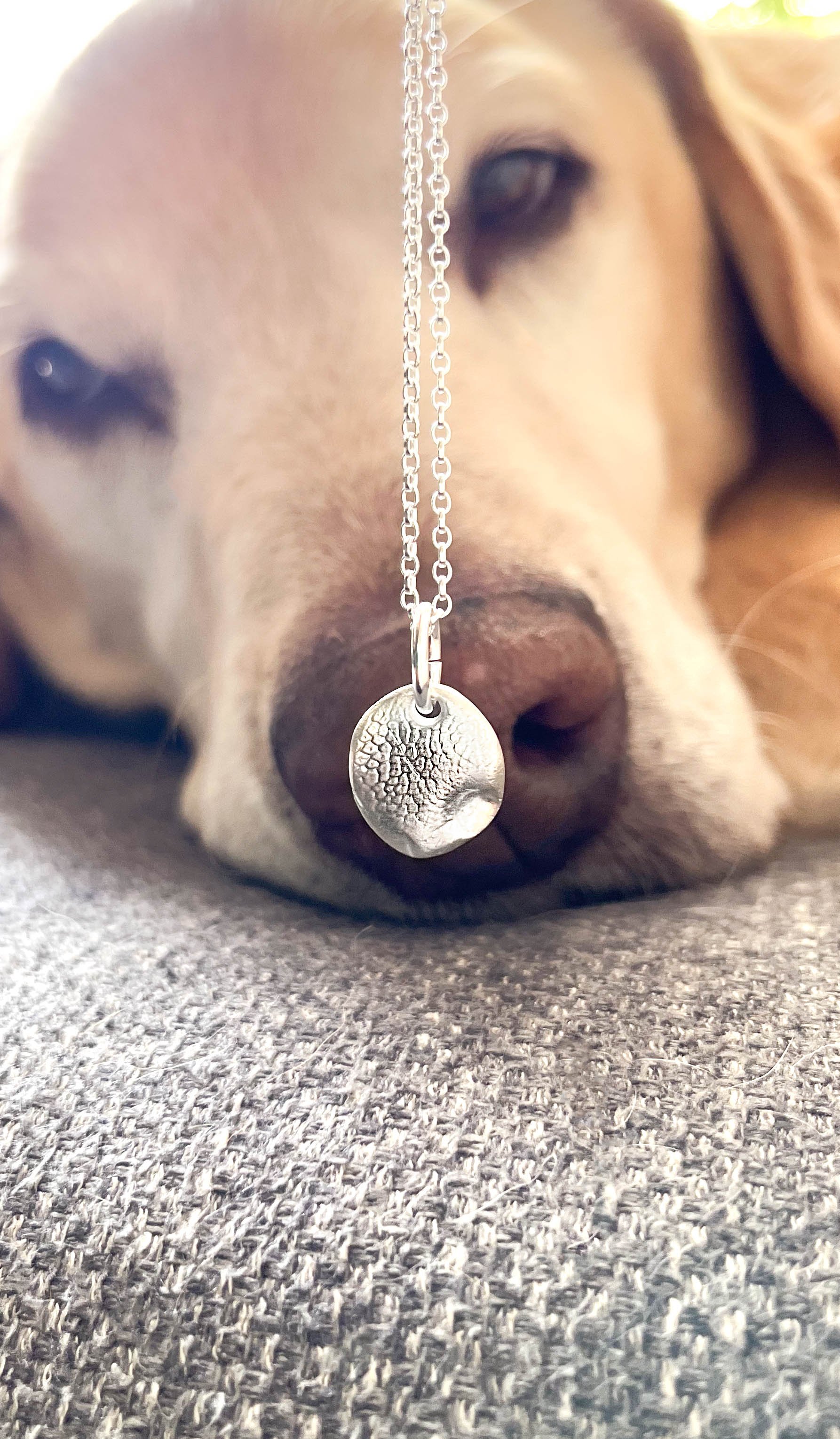 Custom silver dog nose print necklace shown hanging in front of a real dog’s nose. Personalised pet memorial jewellery capturing your dog’s unique nose impression. Ideal gift for dog lovers in the UK.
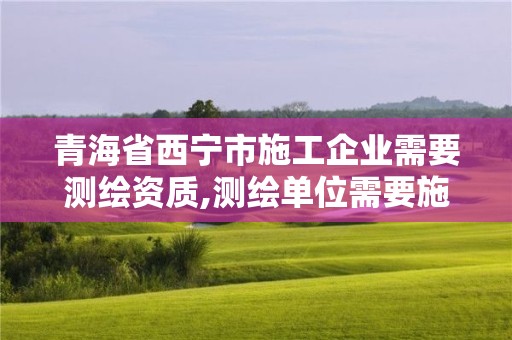 青海省西寧市施工企業需要測繪資質,測繪單位需要施工企業安全許可證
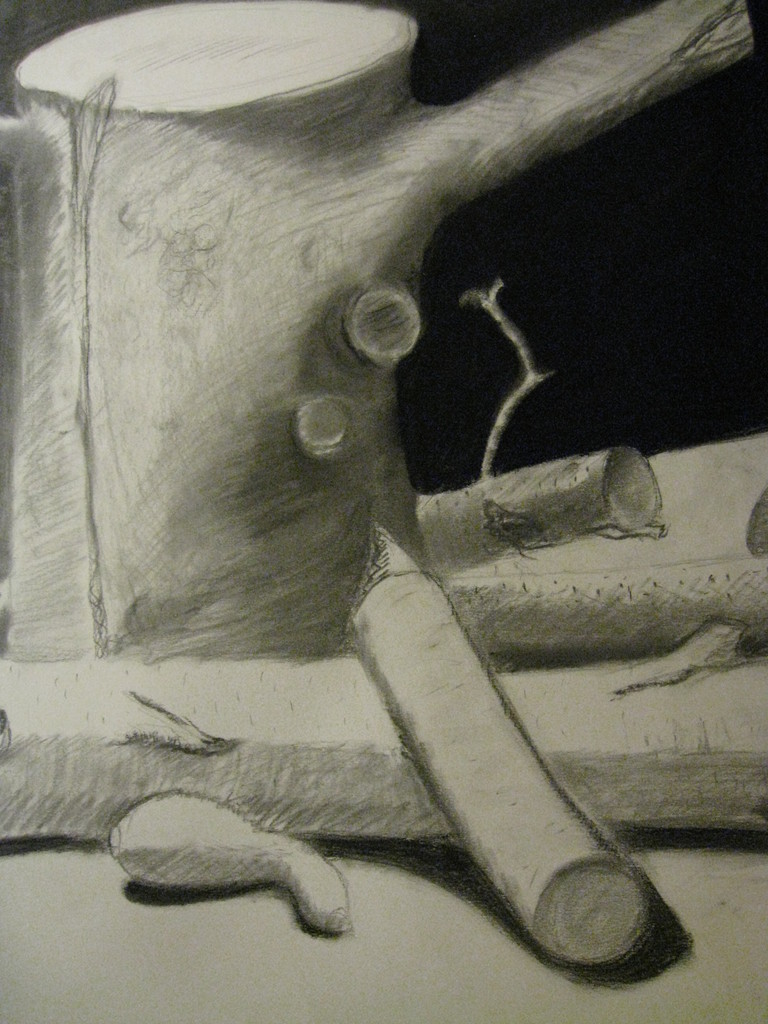 Log Charcoal Still Life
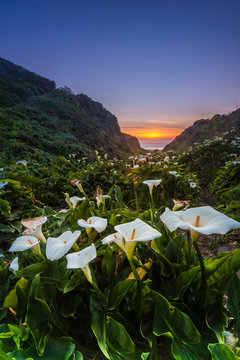 Wild Calla Lilly on Californai coast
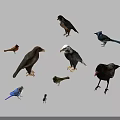 Various Species of Flying Birds Including Eagles Crows and Colorful Songbirds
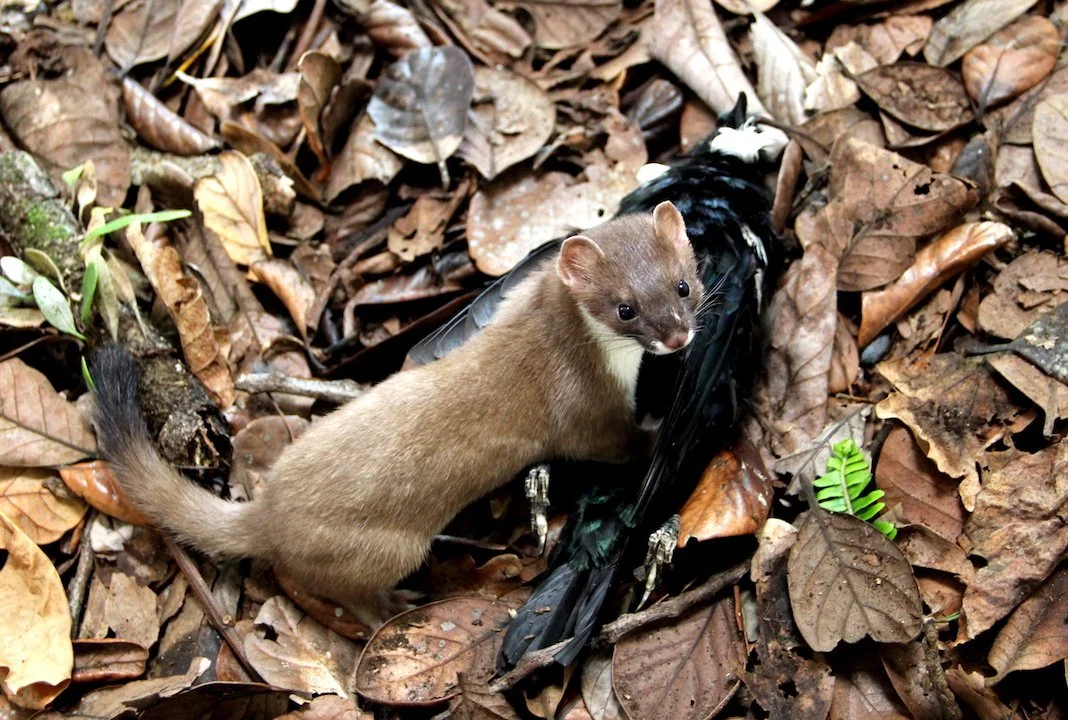   Stoat with dead tūī (Credit: Andrew Veale)  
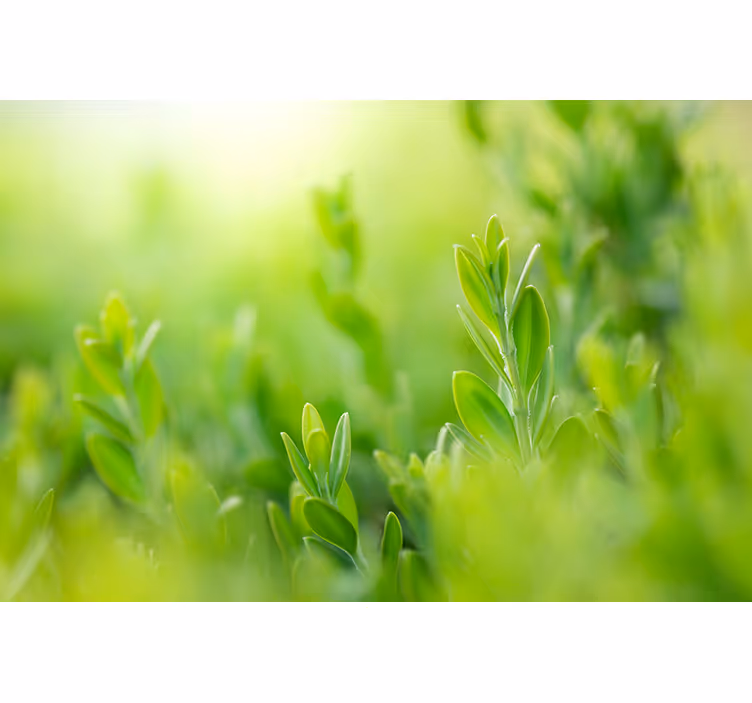 ブラインド 花や植物 緑豊かな風景の写真 - TENSTICKERS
====================
No pictures should appear in the copy. Reproduce exactly the lines from the line containing "Various Species of" through the last line of the data, inclusive.

 Various Species of Flying Birds Including Eagles Crows and Colorful Songbirds
   Stoat with dead tūī (Credit: Andrew Veale)  
 ブラインド 花や植物 緑豊かな風景の写真 - TENSTICKERS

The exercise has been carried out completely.